But that was then. This morning he was talking about his grand plans for holding the balance of power in the Senate, which I found none too reassuring, although I was quite entertained by his little dig at the Greens for "wanting to give out free heroin". Those sneaky, dirty hippies! Also, he thinks petrol prices are outrageous and wants to cut fuel taxes. I wonder which opinion pol... I mean, carefully researched economic survey he got that idea from.
The highlight of the interview was when Fielding announced his proposal for a $10,000 baby bonus for the third child. Quick as a flash, the News Ltd journo probed: "Would that apply for the children of gay couples?" Fielding avoided the question once, but when it came straight back at him he had to admit that no, it did not apply to gay couples, because Leviticus says homosexuality is a sin and besides, gay people are all rich urbanites, they don't need us subsidising their stainless steel kitchens and cocaine habits. Actually he didn't say any of that, just something vague about doing what's best for the kids, but I heard the subtext loud and clear.
With all the recent hype about the influence of the Christian vote - Rudd banging on about Dietrich Bonhoeffer, Howard'n'Costello kissing up to the Exclusive Brethren - it's worth remembering how this man came to be a Senator in the first place.

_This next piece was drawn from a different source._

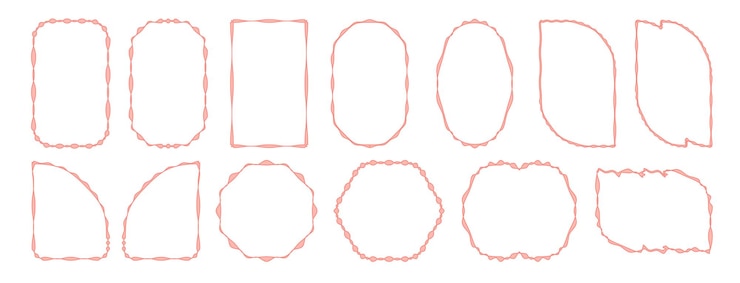 Vector rose gold frames and borders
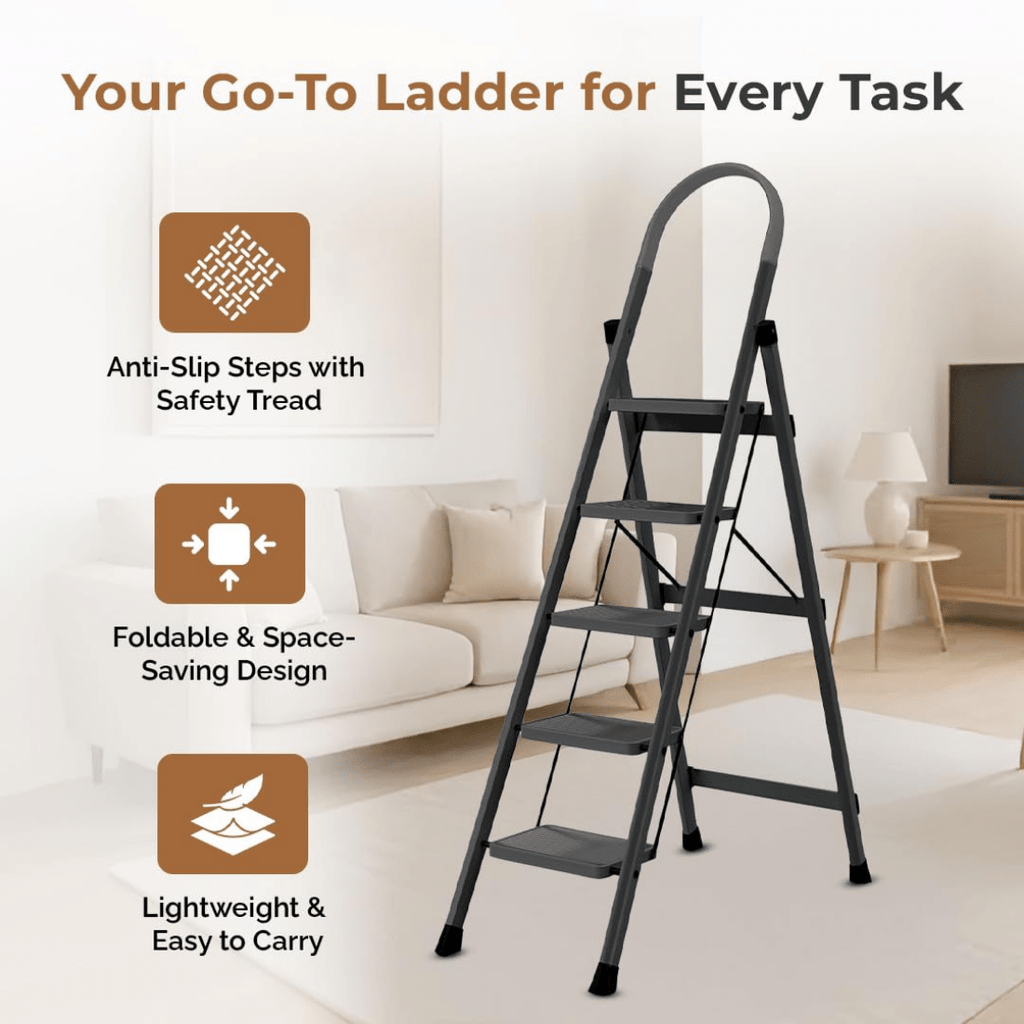 Heavy Duty Five-Step Foldable Stainless Steel Ladder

Family First received 56,376 primary votes in Victoria in the 2004 election. If every Victorian who voted for Family First in 2004 formed a group on Facebook, it would have slightly more members than "You were sexy until I saw that cigarette in your hand" , but fewer members than "If You Can't Differentiate Between "Your" and "You're" You Deserve To Die". So why does Steve Fielding get to go on Meet the Press and talk seriously about his legislative agenda? Antony Green, bless his wonky little heart, explains:
Despite polling only 0.13 of a quota, Family First harvest preferences from numerous groups including the Progressive Alliance, the Christian Democrats, the Aged and Disability Pensioners Party, Non-Custodial Parents Party, One Nation, Liberals for Forests, the Australian Democrats, the DLP and the surplus from the Coalition.
You see? It's a goddamn mandate, that's what it is.
One of my more endearing habits is encouraging everyone I ever meet to vote below the line in the Senate. The paragraph above is why. Your vote is far too important to leave in the hands of the political parties.